## What the exercise asks
From the listing below, set down exactly the lines between the one holding "Melonie T dress" and the one holding "European and American", inclusive. No other line is wanted.

## Material supplied
◆ ◆ ◆ ◆

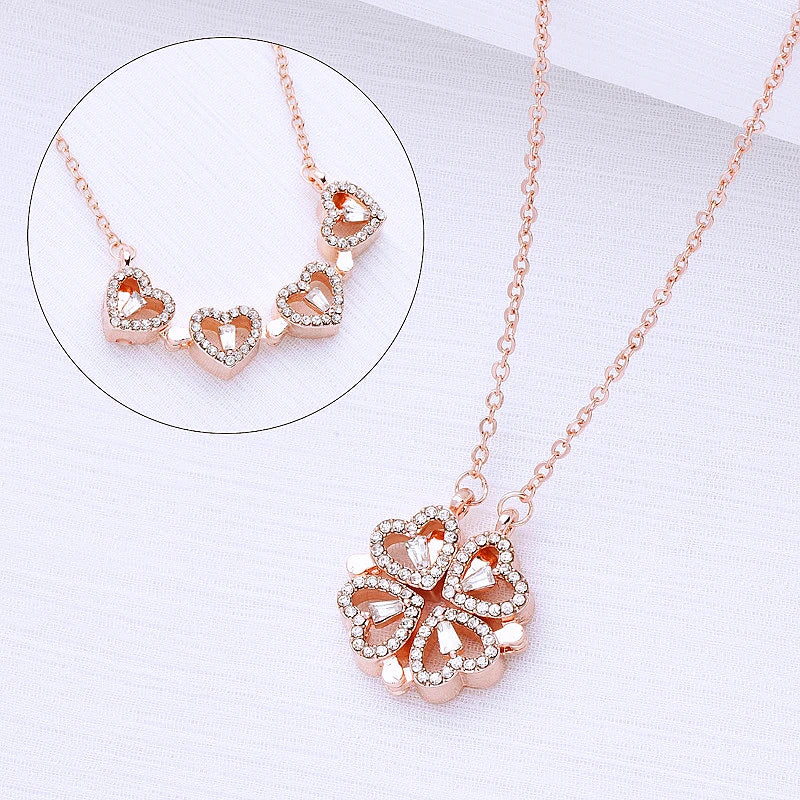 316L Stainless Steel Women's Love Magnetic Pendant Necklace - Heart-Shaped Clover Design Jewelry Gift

◆ ◆ ◆ ◆

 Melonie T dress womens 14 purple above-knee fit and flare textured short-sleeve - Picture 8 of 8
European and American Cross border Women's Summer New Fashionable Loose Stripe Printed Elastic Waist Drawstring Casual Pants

◆ ◆ ◆ ◆

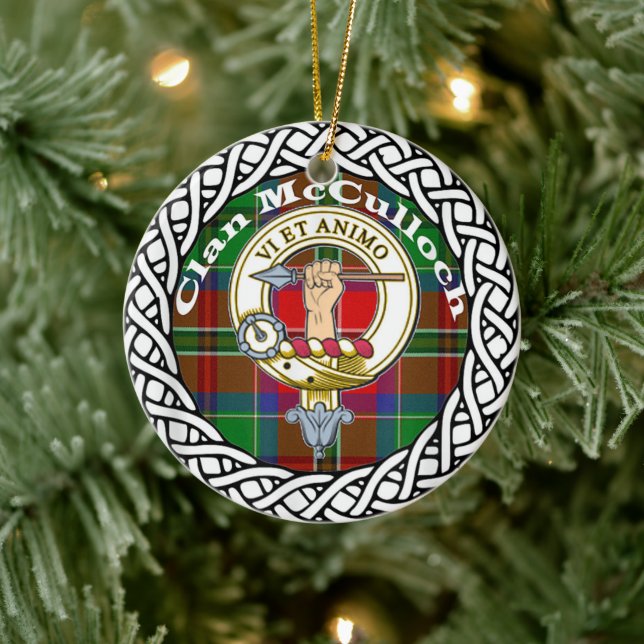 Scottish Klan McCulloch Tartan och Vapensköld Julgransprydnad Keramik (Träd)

◆ ◆ ◆ ◆

## Answer to the exercise
 Melonie T dress womens 14 purple above-knee fit and flare textured short-sleeve - Picture 8 of 8
European and American Cross border Women's Summer New Fashionable Loose Stripe Printed Elastic Waist Drawstring Casual Pants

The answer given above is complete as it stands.